The souffle was baked in a soup plate with a wide rim and served with a teensy plate of even teensier things on the side. I didn’t take a picture of them, but I should have because it was these little white things that I dreamed about. They were itsy-bitsy meringue puffs — a nice crunchy go-along for the soft souffle. But this morning, I woke up thinking that it wasn’t just meringues in the bowl. I think there was a little bit of whipped cream, too — just enough to coat the meringues. Was I dreaming? Maybe. But now I’ve got this idea of meringue and whipped cream in my head and I’m liking it. I don’t think I’ve seen the combination presented in just this way before, but suddenly it makes perfect sense to me and it’s the way I want to serve whipped cream with puddings. Wouldn’t it be great with chocolate pudding? And wouldn’t it be even greater if the meringues were spiced?
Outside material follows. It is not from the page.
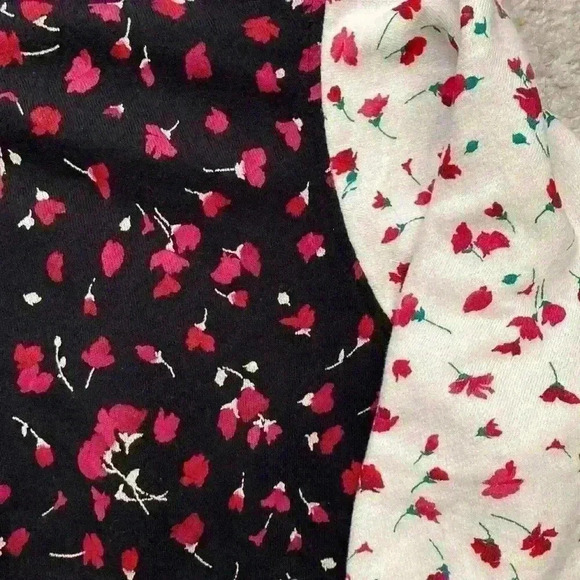 Joie Caleigh Floral Cropped Sweatshirt - Picture 4 of 6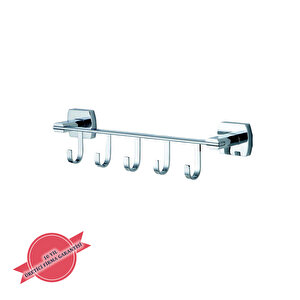 İgk Yapi - Çeli̇k Banyo Mi̇lano Beşli̇ Askilik (mln10-038)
It seems a very play-aroundable idea.
The souffle was pretty straight-forward compared to this dish
This was my starter, billed as a baby squid and broccoli salad, which is exactly what it was. But what, you might ask, as I did, were those midnight-black cubes pretending to be croutons? They were very crunchy and kind of porous. Definitely a vegetable, but not one with a flavor so distinct that we could name it. We assumed, correctly, that whatever the vegetable was, it had been dyed black with squid ink In a move that struck me as amusing, the chef had started with black radish (which you would have thought would have been immediately guessable, because it’s not a wallflower vegetable, but I think we were thrown off by the color) and then tinted it an even darker shade of black with the squid ink.